Late-Night Phone Use is Harming Teenagers’ Mental Health
A study shows that teenagers’ mental health and sleep quality is at risk due to their use of mobile phones late at night
A study that was conducted over a period of 4 years found that poor quality sleep, associated with late-night calling or texting, was linked to a decline in mental health. There were reports of depressed moods and declines in coping ability and self-esteem.
Researchers examined 1,101 Australian high school students between the ages of 13 and 16 and advised that their findings of decreased levels of mental health meant that “physical boundaries” should be set over the use of devices at bed time. Lynette Vernon, lead researcher at Murdoch University in Perth, suggested that adolescents who use their phones as alarms should use clocks instead, to maintain the boundaries.
The link between late-night phone use and sleep, and between sleep and wellbeing has already been well established in previous research, however this was the first study to combine and assess all three together, Vernon said.
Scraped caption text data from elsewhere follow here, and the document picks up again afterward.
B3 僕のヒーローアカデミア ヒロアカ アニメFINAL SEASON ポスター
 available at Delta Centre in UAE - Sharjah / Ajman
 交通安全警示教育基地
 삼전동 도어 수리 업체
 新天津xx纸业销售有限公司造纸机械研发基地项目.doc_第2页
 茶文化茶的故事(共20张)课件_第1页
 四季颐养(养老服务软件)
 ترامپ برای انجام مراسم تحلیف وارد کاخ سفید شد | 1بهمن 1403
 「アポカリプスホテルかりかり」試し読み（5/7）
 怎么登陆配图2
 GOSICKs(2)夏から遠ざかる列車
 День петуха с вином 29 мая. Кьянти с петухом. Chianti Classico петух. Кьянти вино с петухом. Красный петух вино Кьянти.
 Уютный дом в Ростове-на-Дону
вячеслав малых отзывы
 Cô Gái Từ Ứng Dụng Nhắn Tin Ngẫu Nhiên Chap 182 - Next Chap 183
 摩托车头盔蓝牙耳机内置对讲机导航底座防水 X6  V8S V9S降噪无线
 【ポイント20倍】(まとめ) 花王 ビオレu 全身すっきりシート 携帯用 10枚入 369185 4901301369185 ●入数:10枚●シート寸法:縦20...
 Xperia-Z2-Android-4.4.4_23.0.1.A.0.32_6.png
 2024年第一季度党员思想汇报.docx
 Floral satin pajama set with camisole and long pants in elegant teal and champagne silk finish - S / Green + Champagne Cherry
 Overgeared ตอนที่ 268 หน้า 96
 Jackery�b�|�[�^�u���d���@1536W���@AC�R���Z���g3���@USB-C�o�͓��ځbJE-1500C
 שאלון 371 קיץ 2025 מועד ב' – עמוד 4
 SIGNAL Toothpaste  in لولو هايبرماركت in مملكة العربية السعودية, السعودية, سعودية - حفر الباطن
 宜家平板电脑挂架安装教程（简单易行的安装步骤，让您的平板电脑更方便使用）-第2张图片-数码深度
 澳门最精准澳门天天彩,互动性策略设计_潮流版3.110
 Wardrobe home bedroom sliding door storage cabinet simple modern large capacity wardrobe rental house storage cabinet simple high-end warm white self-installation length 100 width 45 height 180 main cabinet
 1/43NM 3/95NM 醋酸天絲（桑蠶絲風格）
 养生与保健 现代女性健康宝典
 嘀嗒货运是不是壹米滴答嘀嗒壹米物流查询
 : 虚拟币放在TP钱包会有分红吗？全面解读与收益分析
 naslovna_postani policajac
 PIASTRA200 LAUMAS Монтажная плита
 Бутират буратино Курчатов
The research found that phones disrupted sleep due to the bright light from screens disrupting natural circadian rhythms. Vernon also explained that messages received before sleep spiked “cognitive and emotional arousal”. She continued to warn that mobile phones had become entrenched in young people’s lives, many without usage restrictions.
“It’s important to have the research to translate to parents and teachers, who probably haven’t experienced to the same extent what kids are doing.
“If you’re finding your son or daughter is more moody and not coping at school, you often put that down to adolescence – but it could be as simple as them not sleeping at night.”
Teenagers who admitted to “constantly texting into the night” said the problem had worsened when they were surveyed a year later. “It’s escalating – they’re highly invested in it ... Some kids are staying up until 3am.”, warned Vernon.
She explained that education was the best preventative method. “Back when they’re aged seven to 10, you have to role model – you put your phone in a basket at night, it doesn’t go into your bedroom, it becomes normalised in the household and you have a much easier job.”